# Convict Cichlids & Tiger Barbs?



## ConvictCichlidDude (Jun 2, 2014)

I have a 55 gallon tank, 4 Convicts 2 male and 2 female. Both the females had eggs. I heard I can put about 14 convicts in my tank but instead id like a more colorful species of fish. and from all *** researched, I heard fast fish like Tiger barbs can go in? (I also have a rosy red minnow and a common pleco in the tank) Sorry about all the questions if youve seen me around before, im just pumped and full of researching questions ever since I got these fascinating convicts! So heres the questions: How many tiger barbs can I put in, Will they be alright, and will my convicts hurt them? (The convicts are pretty adult size since *** got them from my uncle and he gave em to me pretty big and Macho :lol: 8))


----------



## BC in SK (Aug 11, 2012)

I've tried tiger barbs with cichlids a few times in the past and they never last. The last time was many years ago. I bought 6 tiger barbs and placed them in a 100 gal. (48" x 24" x 21") with a bunch of very young convicts. The tiger barbs were actually larger then the cons to begin with.
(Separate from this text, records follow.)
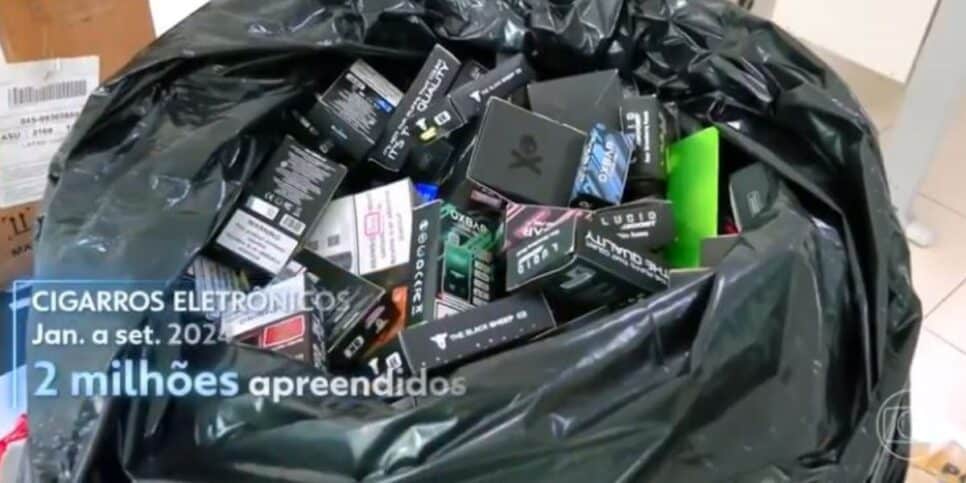 2 milhões de produtos foram apreendidos, de janeiro a setembro de 2024 (Foto Reprodução/Globo)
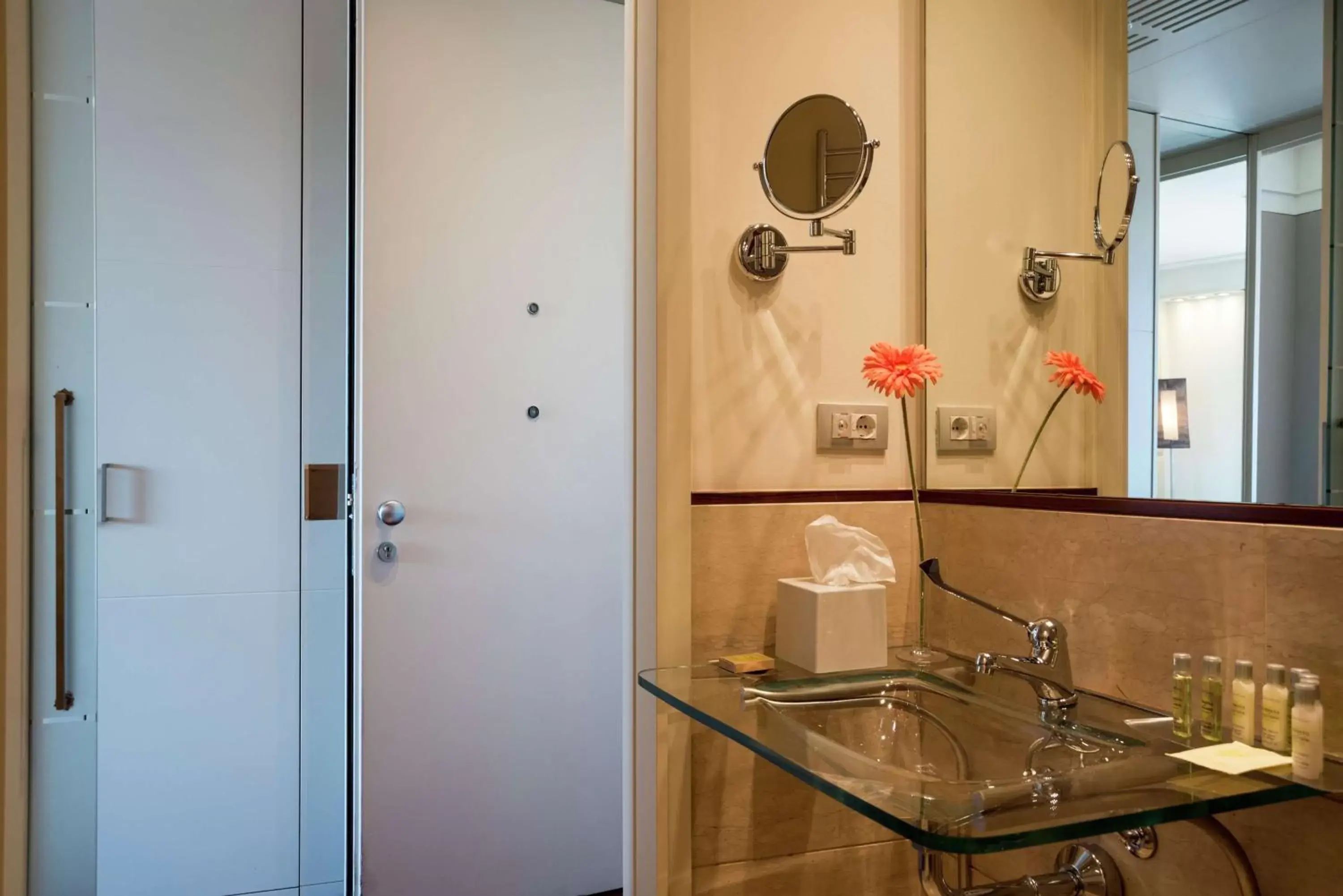 Bathroom, Kitchen/Kitchenette in Hilton Florence Metropole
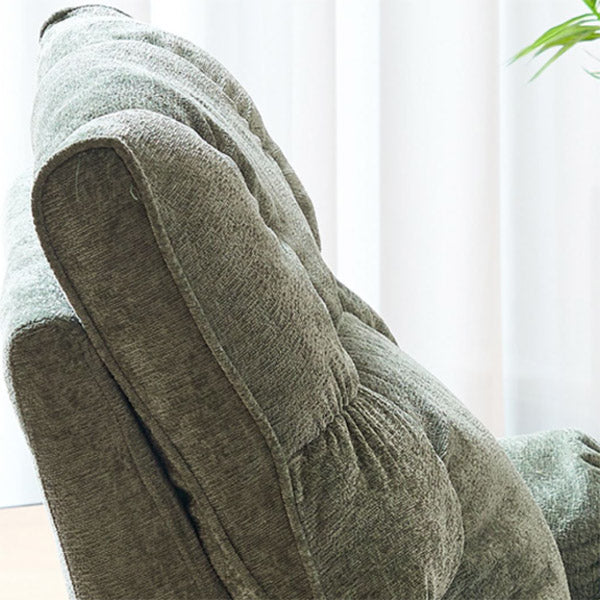 Swivel Rocker Standard Recliner Solid Color Manual-Handle Recliner Chair Clearhalo 'Chairs & Seating' 'furn' 'furn_recliners' 'Furniture' 'Living Room Furniture' 'Recliners' 7090976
With in less then 6 months all the tiger barbs had been killed.
Not saying tiger barbs can't work or it never works, but if you want somthing that is small, a so called dither fish, I think giant danios would stand much better chance.
I have had lot's of success keeping blue/gold/3-spot gouramis with breeding cichlids, even in some very small tanks. Plastic plants that go all the way to the surface, definitely will help them out. Paradise fish (_Macropodus opercularis_) is another that will do similar to the 3-spot gouramis (_Trichopodus trichopterus_).


----------



## stalefish83 (May 22, 2014)

Barbs like to hang out around the bottom to middle of the tank. This is also where the convicts want to be, and they won't take kindly to intruders. You should look into some top dwellers, like danios as BC said.


----------